What so many people fail to understand is that intellectual property is still property. Just as an antique desk can be your legal property that you can pass down to your heirs, trademarks you own can likewise be passed down.

Having read a LOT of ERB stories… look, he wasn’t that stellar a writer. We’re talking pulp fiction here, not Shakespeare. He had great characters and ideas but honestly, in execution he was a bit of a hack. And I say that as a fan.

Holy shit - you haven’t read any of the actual Tarzan books? Have you read any ERB novel? Any?

Do you have any idea how arrogant that is?

Have you noticed that there is not one but TWO contemporary Sherlock Holmes TV series these days? Elementary and Sherlock, if you didn’t know. CLEARLY the CDEL is willing to license people to use those characters, and even riff off the original stories. Yet you won’t make the effort to get similar permission yourself. Yes, you CAN in fact write a new and original Sherlock Holmes story legally and even profit from doing so… but you have to get permission first from the entity holding the trademark.

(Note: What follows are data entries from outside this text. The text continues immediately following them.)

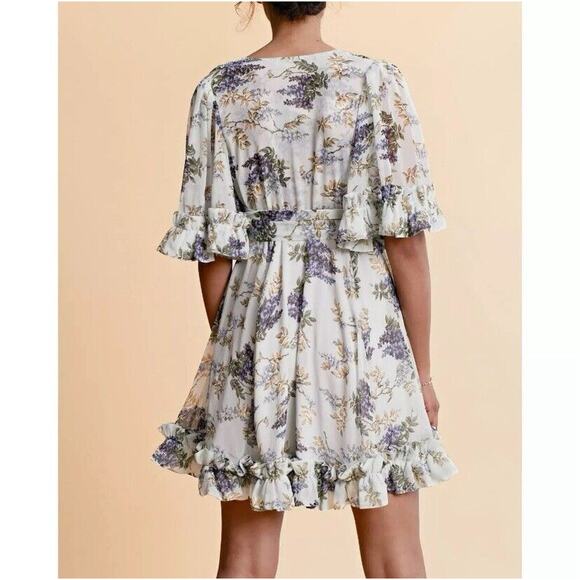 byTiMo Dress Women's Large Mini Bohemian Floral Ruffle Trim Belt Wrap NEW - Picture 4 of 16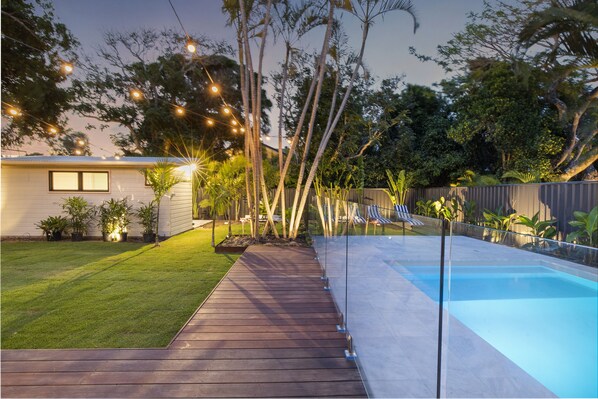 backyard, looking towards the pool and Basketball 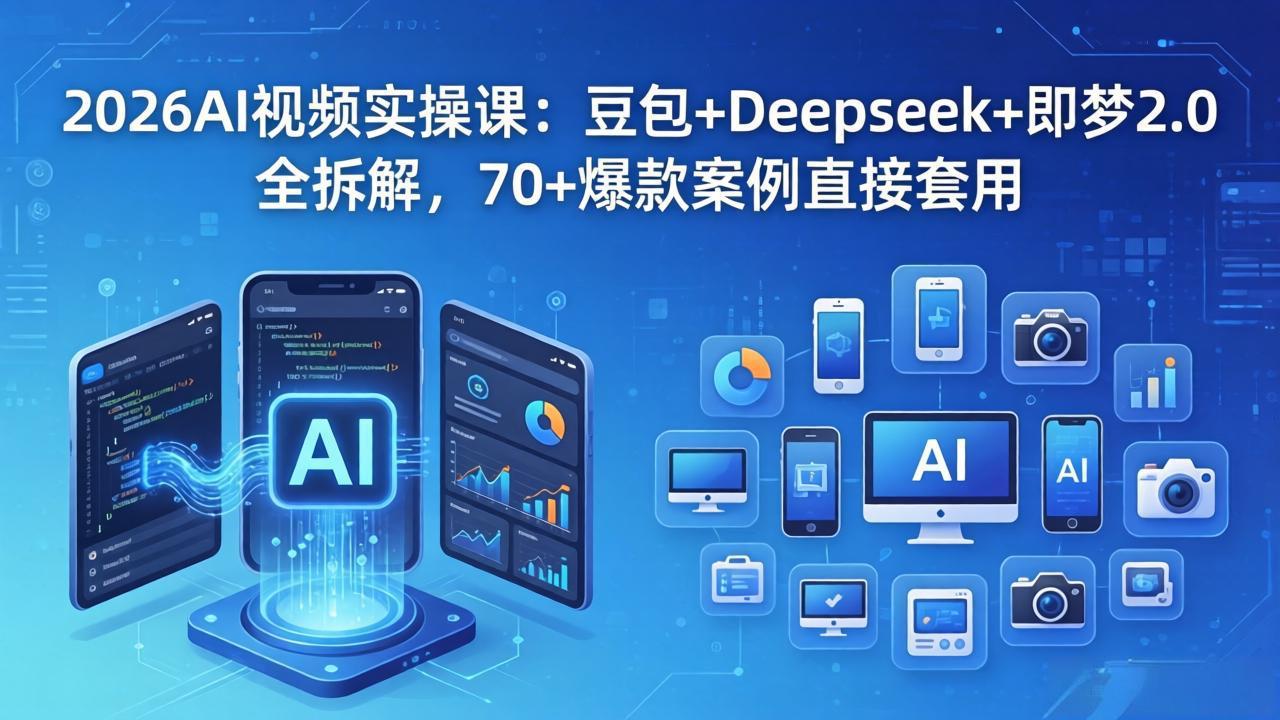 2026AI视频实操课：豆包+Deepseek+即梦2.0全拆解，70+爆款案例直接套用-鼎铸网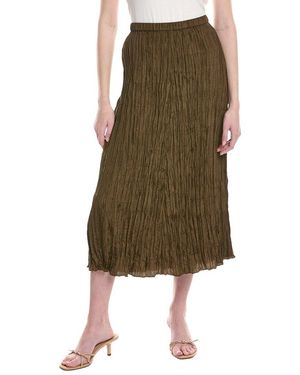 Eileen Fisher Flared Silk Midi Skirt - Green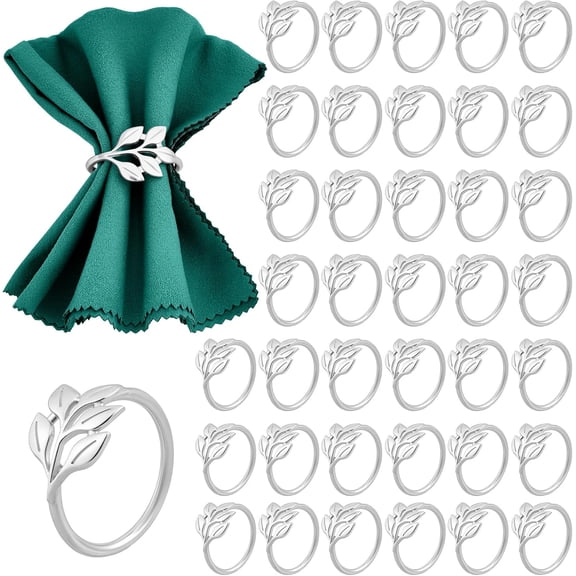 60 Pcs Sliver Leaf Napkin Rings Holders Modern Stainless Steel Napkin Ring Holders for Table Decor Settings, Vintage Napkin Ring for Wedding Christmas Party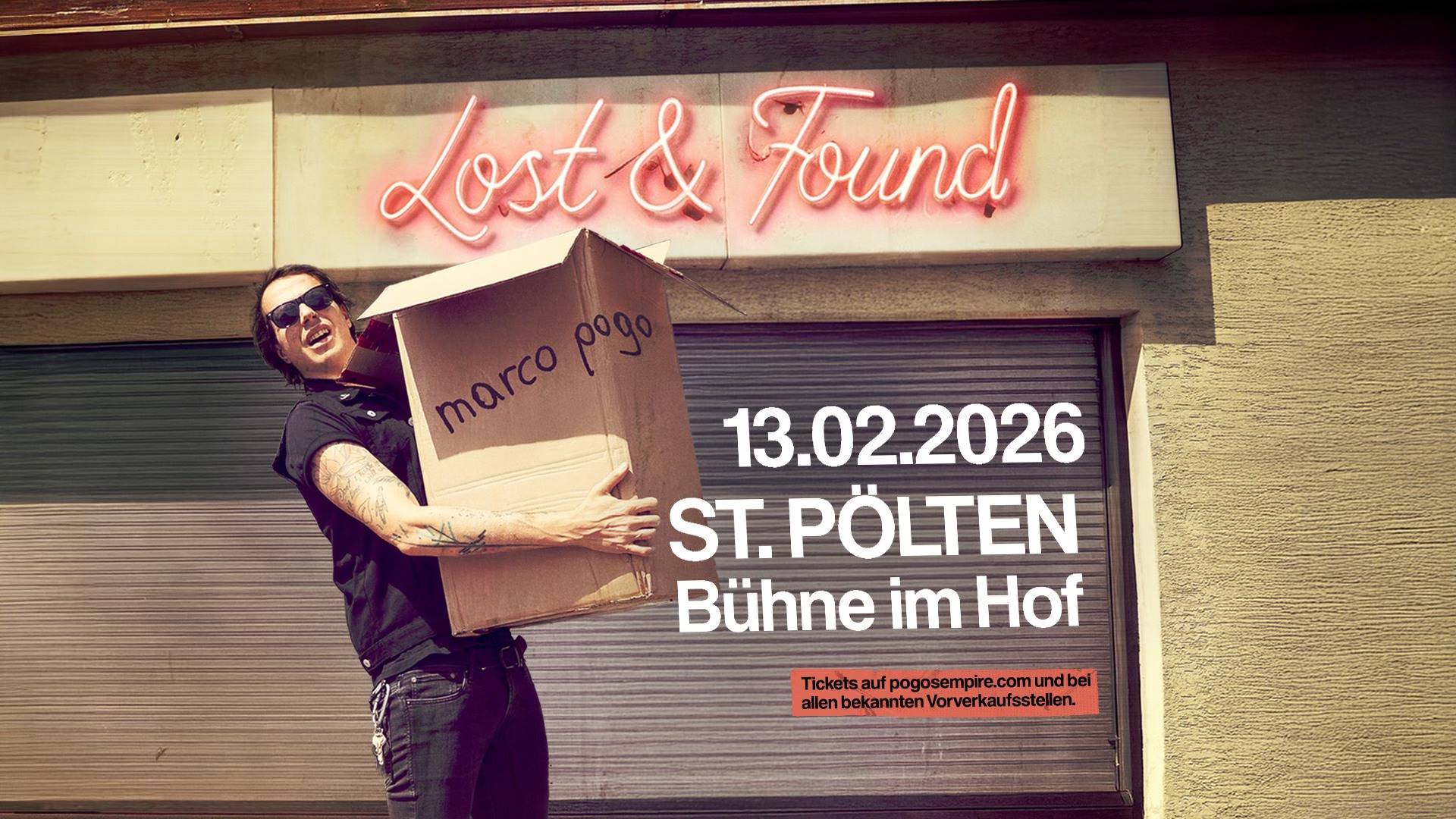 Marco Pogo - Lost & Found am 13. February 2026 @ Bühne im Hof. Marco Pogo - Lost & Found am 13. February 2026 @ Bühne im Hof.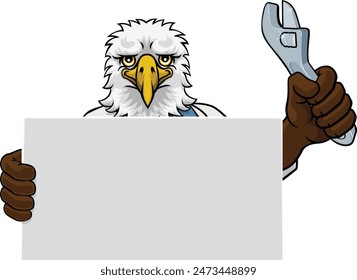 An eagle handyman, mechanic, plumber or other construction cartoon mascot man holding a wrench or spanner tool.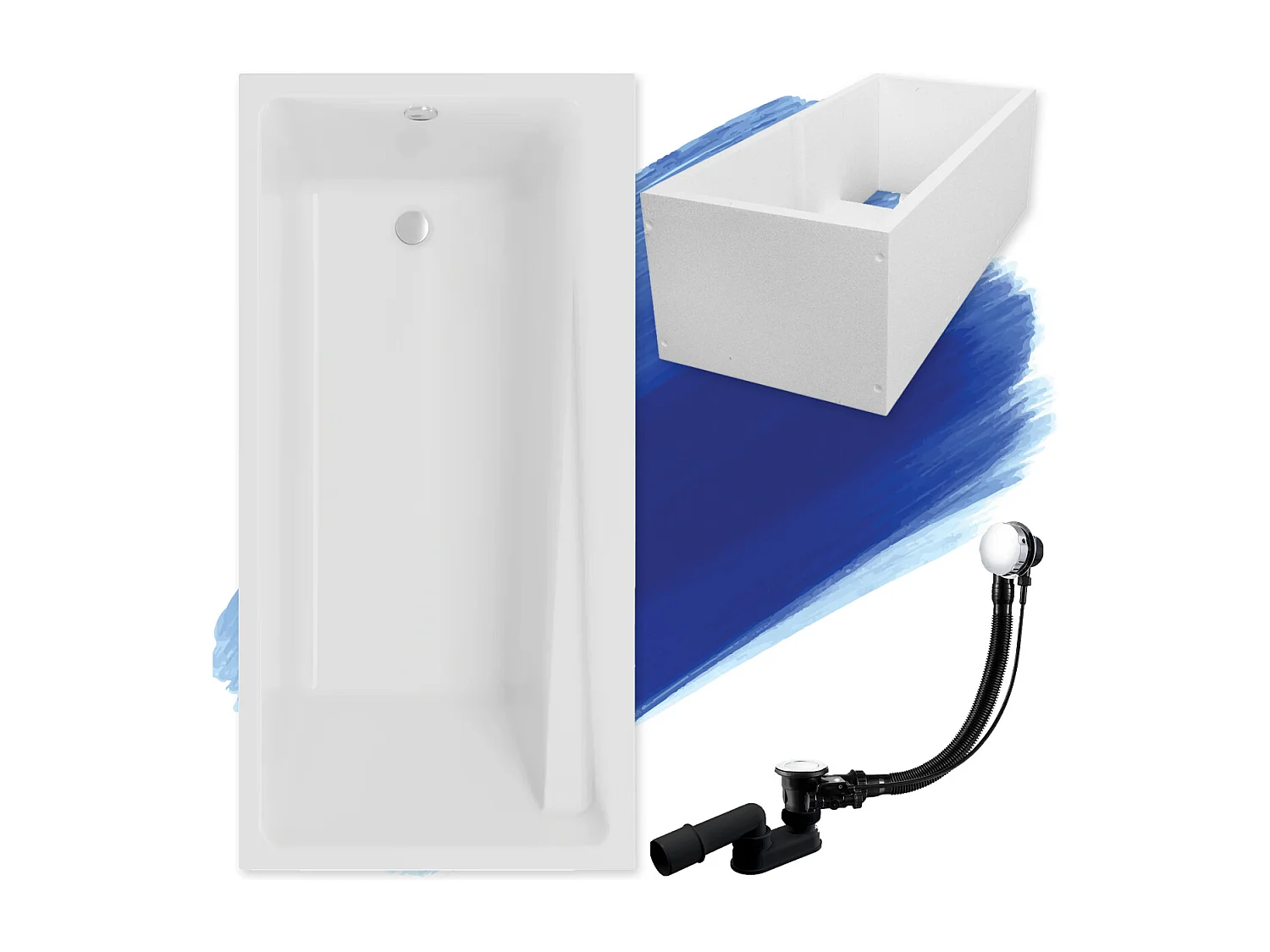 Badewanne Rechteck ELZA 160x75 mit Wannenträger | Ablauf & Füße GRATIS !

So why don’t you work on convincing the CDEL to give a stamp of approval to your work? Clearly it’s NOT impossible, more than one person has done so.

The original Tarzan books ARE, in fact, public domain. If you republish those works the ERB estate has no claim on any profits you make from it, nor can they even scold you for printing them off and giving them away for free.

What trademark does is control the use of the character in new works. If you don’t like that it has to do with trademark law, not copyright. As has been explained to you more than once in this thread.

Is it me, or are all people answering to Kadmos 1 deliberately obtuse?

Regardless of his misuse of the word “copyright”, what he means is quite blatantly clear. He thinks that it shouldn’t be lawful to trademark the name of a fiction character because it forever prevents people from freely writing new fiction involving this character, and he believes that at some point people should be able to do that.

So, why aren’t people adressing this, instead of telling him over and over again what are the differences between trademark and copyright? Surely, doing so two or three times should be enough, and eventually people should begin to discuss the validity of this opinion, if only so that he won’t try to explain the same thing 20 times because he thinks that nobody understands what he means.